SOCIAL SECURITY OR MIS-CALCULATION OF FUTURE GENERATION CONTRIBUTORS. YOU DECIDE.
I personally love our country. And we have the kind of system in America that people from all over the world come to be a part of.
A lot of countries are trying to model themselves after America.
We have been so prosperous as a nation that we financially carry other countries.
But recently in Washington over the Social Security Administration announced that Social Security is paying out more than Social Security is taking in. And by August 2017 Social Security will have insufficient funds. And by 2036 (approximately) Social Security won’t have anymore money to payout to the generation that will become baby boomers and retire.
In other words, Social Security will be broke
Have we as a country mis-calculated the contributions of the current generation coupled with all of the money we have been giving away.
August 2, 2011 in America is going to be one of the most important days in the history of this nation.
Why?
Because the federal government will officially be broke, will officially run out of money. This will happen if the Democrats and Republicans don’t reach a deal to either raise taxes and cut spending or one or the other.
If taxes are raised, which is what the Democrats want to do, this effects the rich, from individuals to corporations. Such could pull their money out of this country and send their money and more jobs overseas.
If domestic spending cuts take place, which is what the Republicans want to do, many of the social programs will be cut or hit very, very hard.
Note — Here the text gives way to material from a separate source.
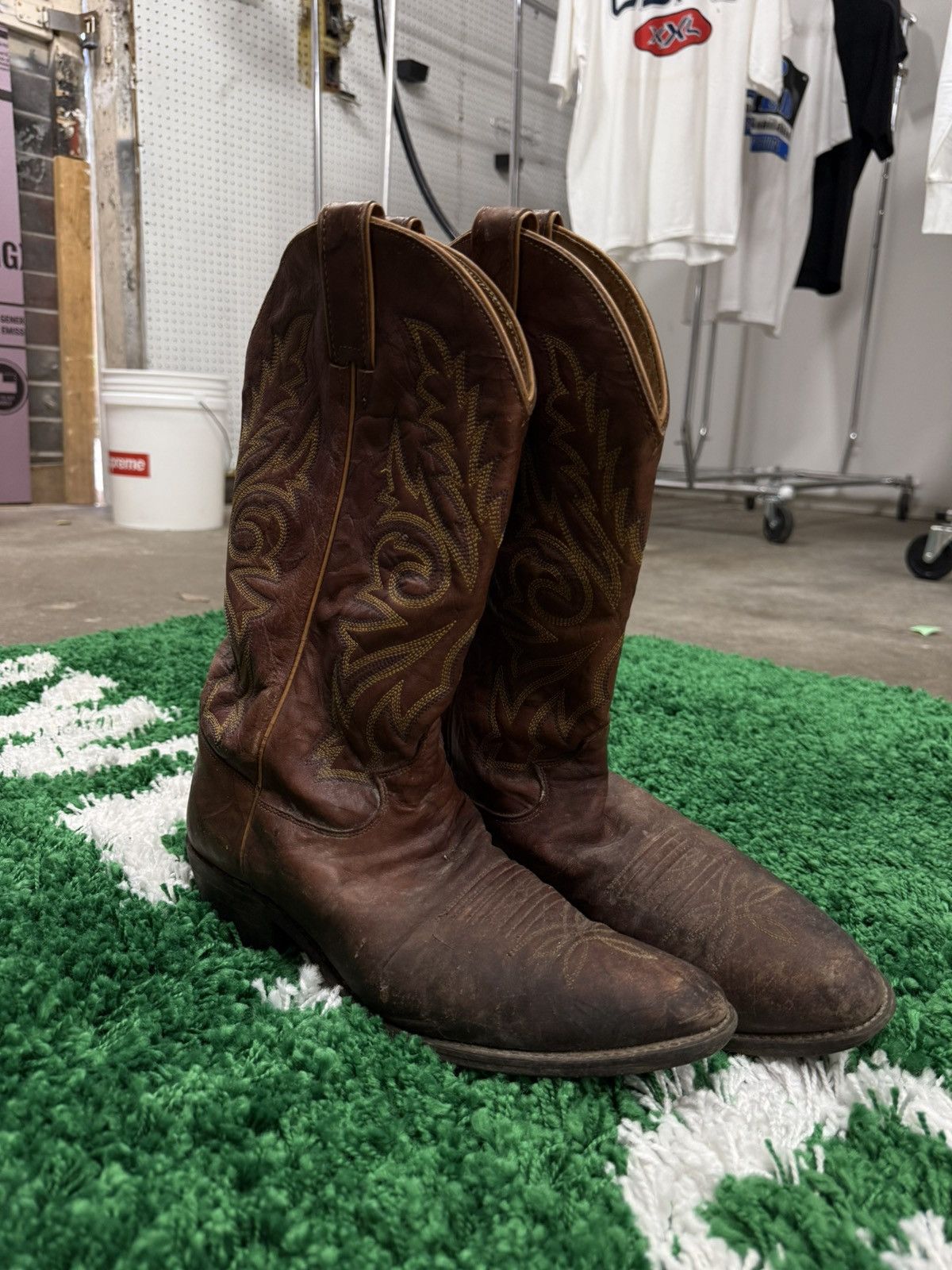 Cowboy Equipment Vintage Brown Leather Justin Cowboy Boots 10 Size US 10 / EU 43 - 9 Thumbnail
Cuts like grants for schools, church grants, cuts to food stamps ($7 billion plus worth), cutting grants to worksource/onestop centers (this is where people go and use computers funded by the federal government to look for jobs), cuts to states like block grants for women with children and other state, county and city grant cuts.
Who will feel the crunch the hardest?
Poor people.
But because we have lived high off the hog in this country for so long, so many decades of living large, no this has caught up with us.
And believe it or not, the spending cuts have to take place.
Look at it this way. Let’s say you just lost your job, or the second wage earner in your home did. All the things that you don’t need to live with will have to go from your budget. So it is with America.
I admire the President that created Social Security. This was a way for working Americans to contribute to their own retirement.
Social Security refers to the federal Old-Age, Survivors, and Disability Insurance (OASDI) program. The original social Security Act (1935) and the current version of the Act, as amended encompass several social welfare and social insurance programs.The larger and better known programs are:
- Federal Old Age (Retirement), Survivors, and disability Insurance
- Unemployment benefits
- Temporary Assistance for Needy Families
- Health Insurance for Aged and Disabled (Medicare)
- Grants to States for Medical Assistance Programs (Medicad)
- State Children’s Health Insurance Program (SCHIP)
- SSI
- Patient Protection & Affordable Care Act
Social Security is a social insurance program that is funded through dedicated payroll taxes called FEDERAL INSURANCE CONTRIBUTIONS ACT TAX (FICA). Tax deposits are formally entrusted to the Federal Old-Age and Survivors Insurance Trust Fund, the Federal Disability Insurance Trust Fund, the Federal Hospital Insurance Trust Fund, or the Federal Supplementary Medical Insurance Trust Fund.
The main part of the program is sometimes abbreviated OASDI (Old Age, Survivors, and Disability Insurance) or RSDI (Retirement, Survivors, and Disability Insurance). When initially signed into law by in 1935 the term Social Security covered unemployment insurance as well.
The term, in everyday speech, is used to refer only to the benefits for retirement, disability, survivorship, and death, which are the four main benefits provided by traditional private-sector pension plans. In 2004 the U.S. Social Security system paid out almost $500 billion in benefits.
By dollars paid, the U.S. Social Security program is the largest government program in the world and the single greatest expenditure in the federal budget, with 20.8% for social security, compared to 20.5% for discretionary defense and 20.1% for Medicare/Medicaid.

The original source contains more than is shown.